Dating is not exactly at the top of a TWAMP’s priority list. Instead, TWAMPs have built substantial reputations as bookworms glued to their seats in the library, religiously devoting time to their studies.
With so much of their time spent on academics, the hard workers of the College of William and Mary may need to think twice about the opportunity costs. Dr. Starlain Saldana, a staff psychologist at the Counseling Center, believes that a key part missing in their lives is a significant other.
“Dating [and] relationships [are] something everyone wants to experience, and it’s such a vital piece in our lives,” Saldana said.
It is for this reason that Saldana, on behalf of the Counseling Center, has hosted several dating workshops for all students at the College to attend. These workshops, which take place in the York Room of the Sadler Center, have focused on topics such as communication, conflict and the relationship life cycle.
“At this developmental age in society, where do we learn about dating [and] relationships? My hope is to offer advice on improving relationships,” said Saldana. “Relationships are a big part of our lives, and even if you are not in a relationship, it is still applicable as you may one day be in one.”
Saldana talked about the ups and downs that mark a relationship life cycle, the characteristics that define a healthy relationship, and the role social media can play during Tuesday’s workshop. Those who attended the workshop were free to share their thoughts and experiences throughout the course of the session.

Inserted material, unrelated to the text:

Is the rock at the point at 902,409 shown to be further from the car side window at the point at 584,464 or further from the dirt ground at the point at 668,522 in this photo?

Elisa Davey ’14 noted how she had been drawn to the workshops mainly out of curiosity.
“I didn’t expect to be told ‘this is what you have to do,’ but I just thought that it would be interesting to know more about dating,” Davey said.
The workshops have been acclaimed for giving advice that tends to be different from the usual dating tips people hear. During the talk on social media, many voiced their interest regarding Saldana’s point about the impact that social networking sites such as Facebook can have on relationships.
“It can have a negative impact on relationships,” Saldana said. “It makes more people involved in the relationship and makes it more complicated.”
Dating may not particularly strike TWAMPs as being intellectually challenging, or even necessary in their lives. Indeed, the social perception of relationships in the College community certainly does not help. They are commonly regarded as a separate entity from those who engage in romantic relationships.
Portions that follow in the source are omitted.